# Cisco PIX 506



## Jdokan (Oct 9, 2009)

I have been to Cisco site and follow their instructions..not helping....I'm missing something....Any experienced Cisco folks out here that may help?  This is personal not business.....I have a 506E that I'm trying to recover the password on...don't wish to lose the existing config..
I have the bin file loaded to the root of my tftp server..
I address the pix (x.x.x.x)
I address the server (y.y.y.y)
gateway..........
can't ping......I have both IP's on the same network 192.168.254.x
I know the pc nic works....

this has been VERY challenging.....starting to get frustrated....


----------



## Carol (Oct 9, 2009)

What are Cisco's instructions? Can you paste them here?


----------



## Frostbite (Oct 9, 2009)

If it's anything like Cisco Pix 501, you'll need to have console access via a COM port on your computer and you'll need a program capable of TFTP.

I've only done it once and it was about 4 years ago so I'm not sure how much help I can be but I'd be curious to see what Cisco's instructions say.


----------



## crushing (Oct 9, 2009)

This may be the Cisco page you are already using, if it isn't, maybe it will help:

http://www.cisco.com/en/US/products...ducts_password_recovery09186a008009478b.shtml


----------



## Jdokan (Oct 9, 2009)

same page....my cosole connection allows me to configure the IP's ok...the problem seems to be connecting from the e0 i/f to the tftp svr....I know the nic is good, I'm using SolarWinds for my tftp svr & the .bin is in the root....that part is all ok...
I am missing something on the cat5 side........I configure SW to use the tftp side nic same entry as the tftp server IP....
this is going to be embarassing when I finally get it resolved.....


----------



## crushing (Oct 9, 2009)

"I am missing something on the cat5 side."

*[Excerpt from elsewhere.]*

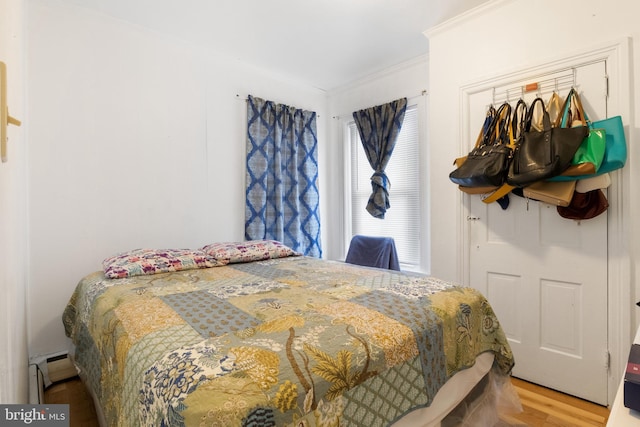 bedroom featuring crown molding, a baseboard radiator, and hardwood / wood-style floors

Cross-over cable popped into my head when I read this sentence.  I'm afraid I won't be much help with this.  Good luck!


----------



## Jdokan (Oct 9, 2009)

this would make sense...between F/W and "other" device.........not sure...researching...thanks for the thought...


----------



## Matthew McMullen (Oct 9, 2009)

Well one question that pops into my head is what version of the IOS is on the PIX?


----------



## Jdokan (Oct 9, 2009)

looks like I do need a x-over....have to make one....thanks for all the input


----------



## Jdokan (Oct 12, 2009)

used a x-over and still get the same response...can't ping the PIX interrface from the tftp server.....this Friday we're moving our Colo...will have a Cisco Engineer there..hopefully he'll give me some ideas.....


----------